As part of our training for paramedic school we are required to spend 16 hours in the Labor and Delivery unit at a couple different hospitals. Depending on the day, you could literally see nearly 50 deliveries. The staff runs you from room to room to observe and assist with as many as they can “squeeze” you into. This was my experience. Two separate 8 hour days rushing room to room after room, watching baby after baby after baby “pop” out. It really is the best description because I was rarely in the room for all of the pre-delivery stuff. I would get to the room as the baby was on the move and would get in there just in time for it to “pop” out. Once it was out, I would do a quick assessment with the nurse and then they would rush me to the next one. Towards the end of the day, some of the Doctors let you be the one to actually deliver the baby. We receive this extensive training because it is rare that we are called to an emergency scene to deliver a child, but it does happen once in a while. I have had two “emergency” deliveries in ten years. Both of them have been “textbook” deliveries with no complications other than the child showed up a lot faster than the mothers were planning on. My first was on the freeway on Christmas Day 7 or 8 years ago-which is probably a story all by itself, but it’s the second one I want to tell you about. This goes down as one of the top five memories from this past decade of work.
So I am working at a station with a good friend. The two of us got hired together, went to paramedic school together, and became good friends and hang out often on days off. When we actually worked together on the Rescue–it was rare–we had great times.
So we are working together, at a pretty busy station. We had already been on 3 or 4 calls when another call came in for an “immanent delivery.” We responded to a home to find a woman, 39 weeks pregnant, lying on her floor. Her husband was near her, placing cold rags on her forehead. As soon as we walk through the door she tells us the baby was coming (When a mother says this, its usually true.) We went into delivery mode right away, creating a sterile environment, preparing to do all the things you have to do to deliver a child.

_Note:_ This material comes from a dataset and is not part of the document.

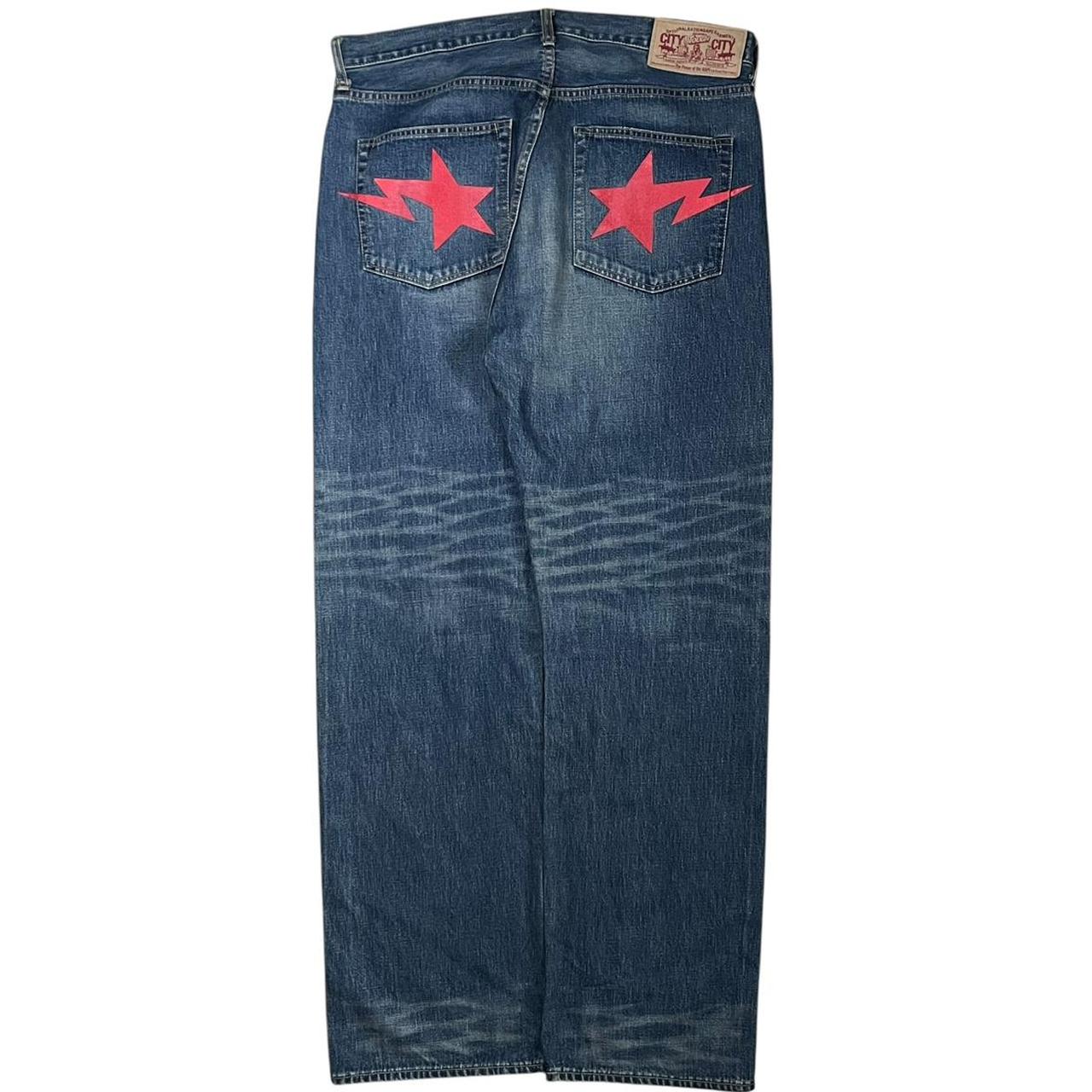 Authentic Bapesta Star Red Print Jeans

We find out that this will be their 6th child, and that they did not learn the sex during the ultrasound. They were wanting to be surprised. The delivery goes smooth as can be. No complications. Textbook. As the baby is delivered my partner tells them congratulations, it is a baby boy. My job at this point is to document everything and make a call to the hospital to inform them that we will be bringing a mother and newborn to their facility. The father starts making phone calls to friends and family, and mini celebrations are going on all around us about the birth of the new baby boy.
At this point, I glance down towards the baby to do a quick second assessment that we do on newborns. A score is assessed based on several things: breathing, appearance, muscle tone, etc. As I do my quick check, I noticed that a very important “boy part” is missing. I do the obligatory “eh-hum” to notify my partner that the baby is actually female. This is the point that, had we been a cartoon, the automatic sound bite of screeching brakes would automatically cue. My partner gets the family’s attention and solemnly tells them the update. As you can probably imagine, this causes sheer confusion. Almost a little panic. The father rushes over in disbelief, like it was a poorly timed April Fools joke, to see for himself as my partner tries his best to restore the initial excitement. “Its a baby girl, hooray?” It took a few minutes, but everything cleared up and turned out to be okay, except for the career long razzing that continues to be dished out in true firefighter fashion.